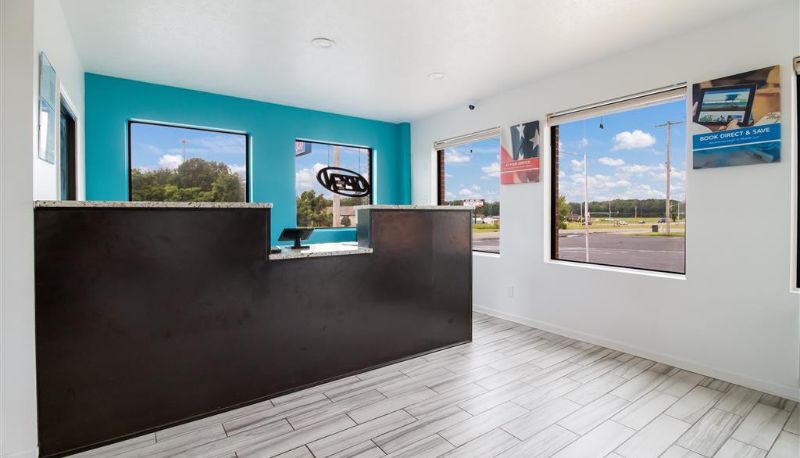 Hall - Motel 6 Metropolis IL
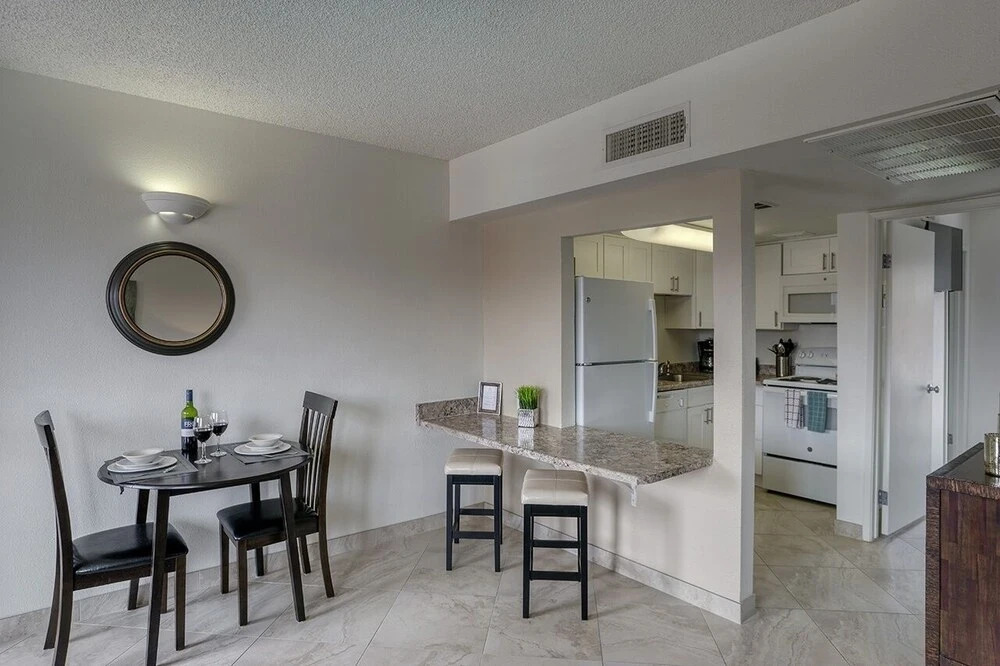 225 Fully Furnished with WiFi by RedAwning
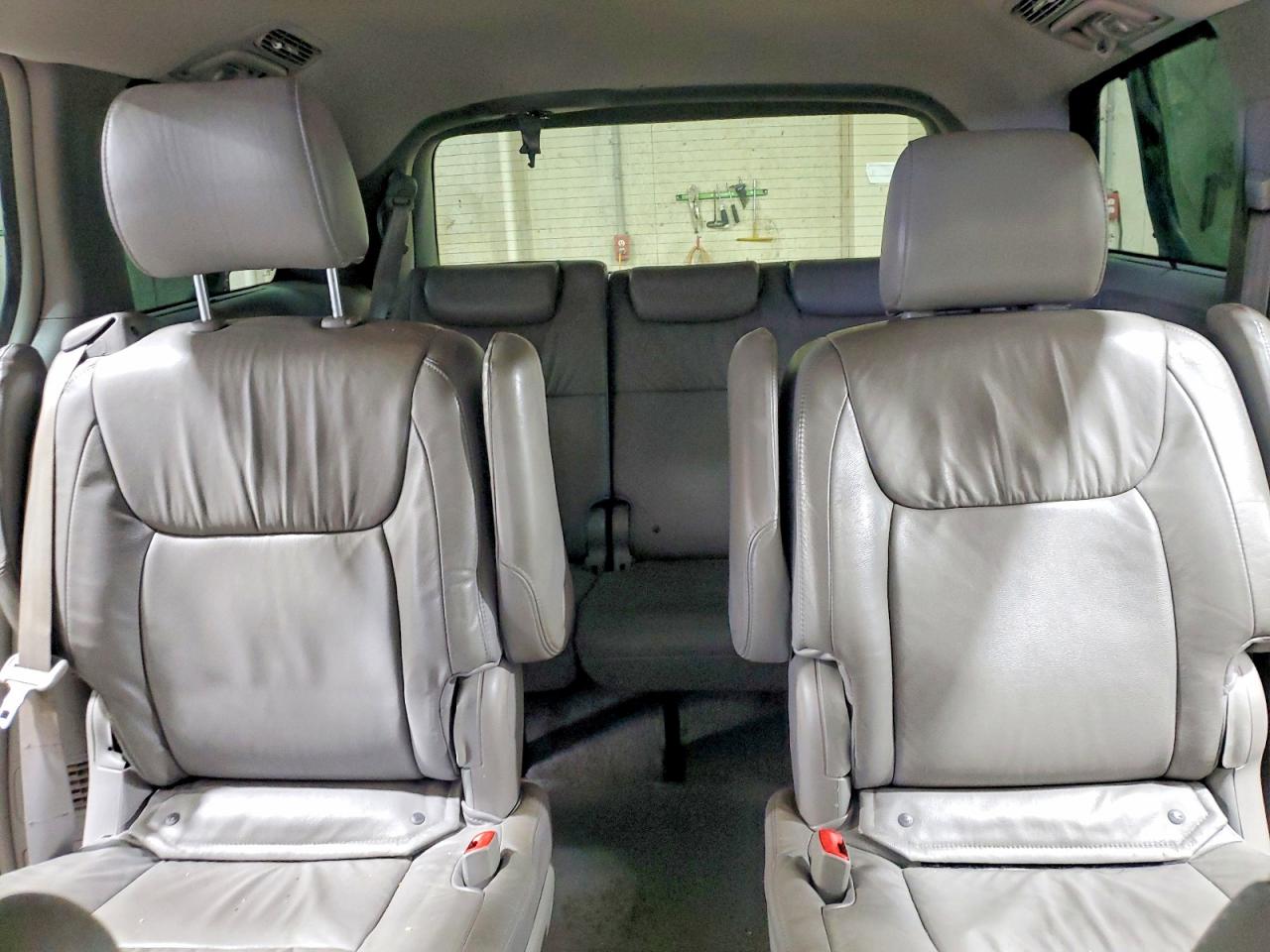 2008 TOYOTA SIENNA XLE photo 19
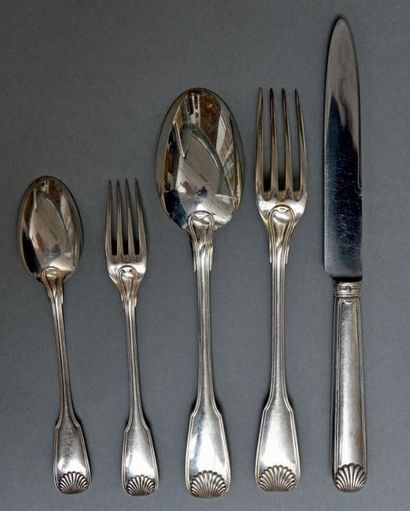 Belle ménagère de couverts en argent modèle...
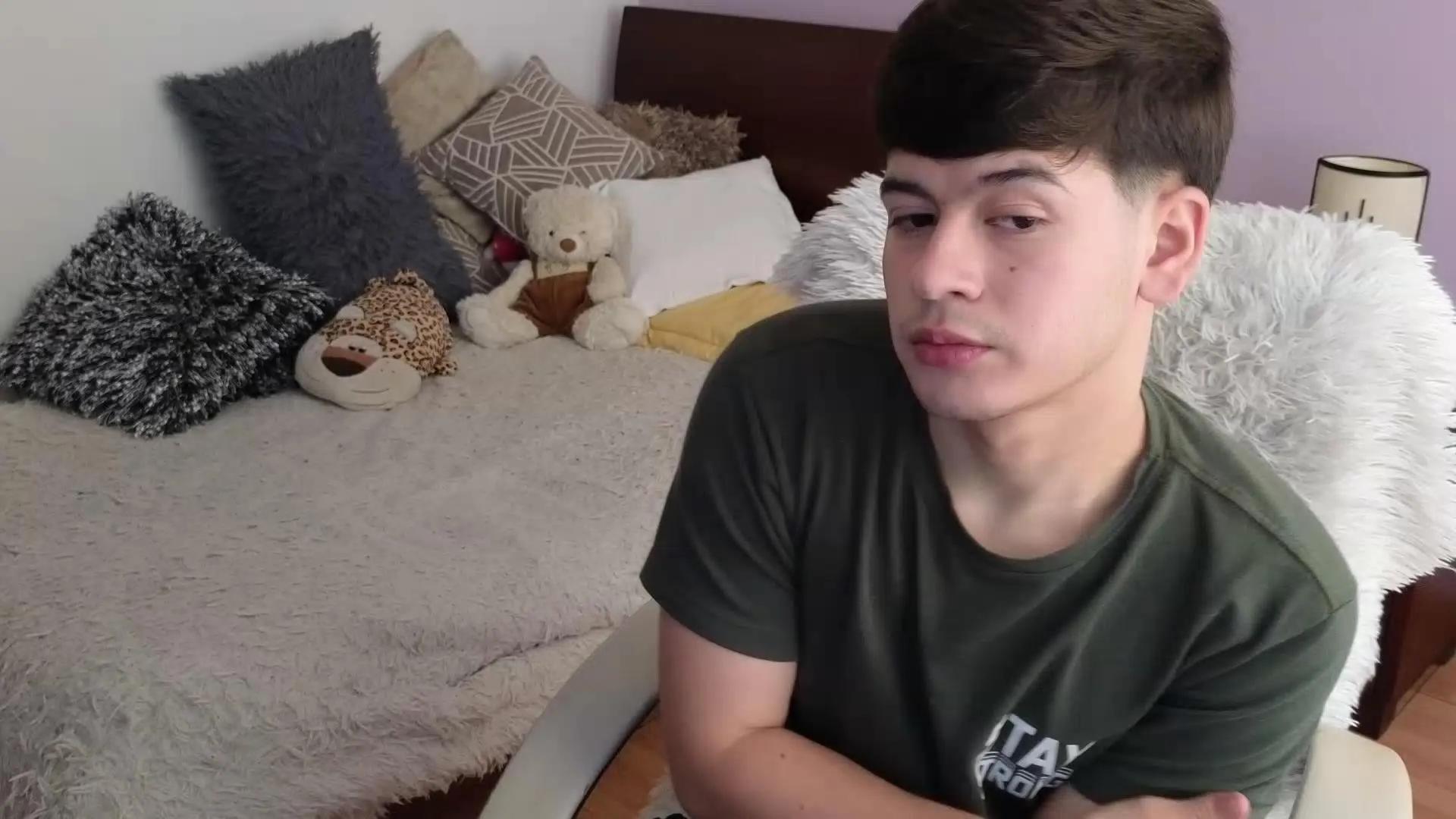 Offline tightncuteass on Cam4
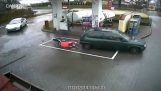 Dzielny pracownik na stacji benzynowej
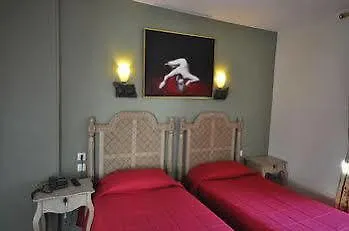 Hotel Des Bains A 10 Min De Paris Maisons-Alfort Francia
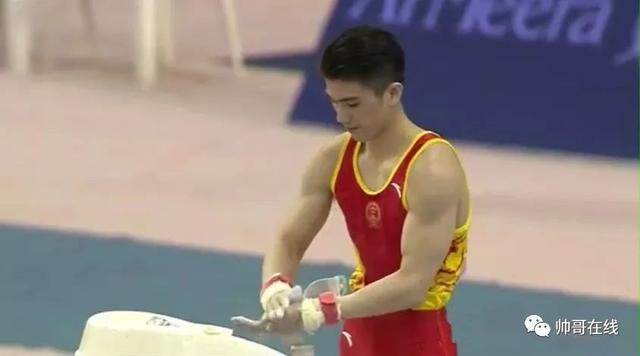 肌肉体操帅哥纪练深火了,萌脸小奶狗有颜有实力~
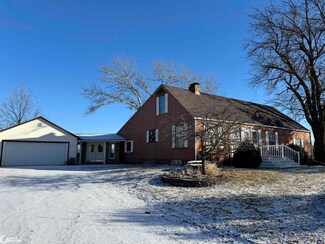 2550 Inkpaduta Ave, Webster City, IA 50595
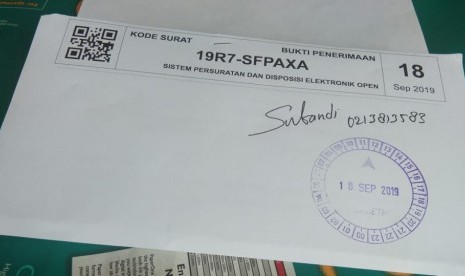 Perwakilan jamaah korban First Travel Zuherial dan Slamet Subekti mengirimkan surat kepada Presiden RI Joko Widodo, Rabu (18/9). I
━━━━━━━━━━━━━━━━━━━━
_Problem to work on_
Pictures stay out. Repeat only the lines from the beginning of the data through the line that has "Hotel Des Bains".

_Answer_
 Hall - Motel 6 Metropolis IL
 225 Fully Furnished with WiFi by RedAwning
 2008 TOYOTA SIENNA XLE photo 19
 Belle ménagère de couverts en argent modèle...
 Offline tightncuteass on Cam4
 Dzielny pracownik na stacji benzynowej
 Hotel Des Bains A 10 Min De Paris Maisons-Alfort Francia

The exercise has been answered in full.